Friday, January 13, 2012

Respighi - Pines Of Rome

Ottorino Respighi  (1879 - 1936) was born in Italy and was a composer, musicologist and conductor. He learned piano and violin from his father and went on to study violin, viola and composition at the school in Bologna, Italy.  After his schooling he accepted an offer to be principle violist at St. Petersburg in the Russian Imperial Theater's Italian Opera season. While there he studied orchestration with Rimsky-Korsakov.  He also spent time in Germany before accepting a position as teacher of composition in Rome where he spent the rest of his life.
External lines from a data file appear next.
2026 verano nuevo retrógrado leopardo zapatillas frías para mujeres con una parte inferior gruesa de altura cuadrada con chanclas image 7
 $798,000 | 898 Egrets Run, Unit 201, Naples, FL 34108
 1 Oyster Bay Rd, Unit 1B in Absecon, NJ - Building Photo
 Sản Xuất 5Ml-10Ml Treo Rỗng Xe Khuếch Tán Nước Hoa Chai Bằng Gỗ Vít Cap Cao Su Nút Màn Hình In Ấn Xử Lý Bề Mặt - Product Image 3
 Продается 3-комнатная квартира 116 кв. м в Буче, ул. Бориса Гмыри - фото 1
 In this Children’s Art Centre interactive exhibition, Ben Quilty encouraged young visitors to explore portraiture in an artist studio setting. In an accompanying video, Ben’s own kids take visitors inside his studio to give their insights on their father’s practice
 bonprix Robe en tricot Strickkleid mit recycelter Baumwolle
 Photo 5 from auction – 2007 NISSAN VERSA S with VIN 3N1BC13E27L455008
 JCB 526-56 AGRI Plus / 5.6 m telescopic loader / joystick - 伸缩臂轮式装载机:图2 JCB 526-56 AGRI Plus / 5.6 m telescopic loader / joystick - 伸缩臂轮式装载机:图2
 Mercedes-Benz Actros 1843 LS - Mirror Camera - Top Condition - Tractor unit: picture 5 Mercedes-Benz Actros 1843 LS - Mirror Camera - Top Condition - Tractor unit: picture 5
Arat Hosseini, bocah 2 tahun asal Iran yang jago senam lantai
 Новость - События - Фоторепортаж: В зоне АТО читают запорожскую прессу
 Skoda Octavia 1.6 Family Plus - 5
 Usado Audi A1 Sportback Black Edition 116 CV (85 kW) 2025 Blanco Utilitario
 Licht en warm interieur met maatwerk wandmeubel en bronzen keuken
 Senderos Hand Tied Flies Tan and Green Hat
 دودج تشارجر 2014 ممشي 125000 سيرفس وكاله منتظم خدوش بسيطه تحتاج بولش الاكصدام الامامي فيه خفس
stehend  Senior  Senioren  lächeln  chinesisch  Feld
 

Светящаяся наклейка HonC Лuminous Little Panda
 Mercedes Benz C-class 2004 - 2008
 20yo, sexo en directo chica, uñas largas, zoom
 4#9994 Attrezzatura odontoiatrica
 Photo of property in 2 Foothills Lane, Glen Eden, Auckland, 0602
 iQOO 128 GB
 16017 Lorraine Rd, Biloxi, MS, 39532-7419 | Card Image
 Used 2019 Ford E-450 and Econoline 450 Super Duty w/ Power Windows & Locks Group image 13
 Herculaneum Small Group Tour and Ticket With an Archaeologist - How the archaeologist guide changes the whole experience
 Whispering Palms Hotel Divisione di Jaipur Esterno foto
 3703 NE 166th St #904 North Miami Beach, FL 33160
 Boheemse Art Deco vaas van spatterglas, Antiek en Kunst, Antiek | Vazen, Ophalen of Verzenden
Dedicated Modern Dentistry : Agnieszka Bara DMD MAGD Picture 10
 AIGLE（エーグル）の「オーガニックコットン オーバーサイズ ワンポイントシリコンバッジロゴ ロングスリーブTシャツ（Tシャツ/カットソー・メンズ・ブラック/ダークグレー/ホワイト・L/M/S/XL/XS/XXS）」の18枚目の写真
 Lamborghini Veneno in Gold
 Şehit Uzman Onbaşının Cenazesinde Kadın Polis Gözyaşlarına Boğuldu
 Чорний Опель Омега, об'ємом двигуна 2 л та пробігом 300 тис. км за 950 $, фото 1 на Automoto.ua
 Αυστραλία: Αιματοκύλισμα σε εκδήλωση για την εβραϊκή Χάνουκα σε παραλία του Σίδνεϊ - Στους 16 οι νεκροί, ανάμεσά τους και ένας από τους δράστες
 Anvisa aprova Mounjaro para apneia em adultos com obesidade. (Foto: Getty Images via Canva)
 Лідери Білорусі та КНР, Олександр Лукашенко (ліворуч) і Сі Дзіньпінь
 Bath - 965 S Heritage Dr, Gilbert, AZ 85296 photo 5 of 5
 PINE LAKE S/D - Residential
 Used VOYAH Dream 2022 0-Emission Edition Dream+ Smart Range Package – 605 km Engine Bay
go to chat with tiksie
Pines of Rome is one part of Respighi's Roman trilogy, the other tone poems being Fountains of Rome and Roman Festivals. Pines of Rome is a symphonic poem in four sections that represent different places in Rome:

The Pines of the Villa Borghese - The tone poem opens with a flurry of activity in the orchestra as Respighi paints a tonal picture of children raucously playing (and getting into the inevitable squabble) among the pine groves of the Borghese gardens in Rome.
Pines near a catacomb - The orchestras low pitched instruments give the impression of the deep catacombs, complete with the chanting of priests.
The Pines of the Janiculum -  On the second highest hill of Rome, the legendary home of the two-faced god Janus, a nightingale is heard singing.  This is the first composition known that asks for a real recording of a bird call.  It is to be played at the indicated place in the score, and a specific recording is mentioned in the score.
The Pines of the Appian Way -  The Appian Way is a road that was begun in 3112 B.C.E. and still exists. Respighi paints a tonal picture of the road at sun rise in the fog, and slowly in the distance can be heard the marching of a Roman Legion making its way up the road.  As it gets nearer, the music gets louder and more forceful. The composer asks for the ancient buccina in the score, a trumpet used in Roman times. The music continues growing and finally with trumpets blaring and an all around splendid racket, the tone poem comes to a close.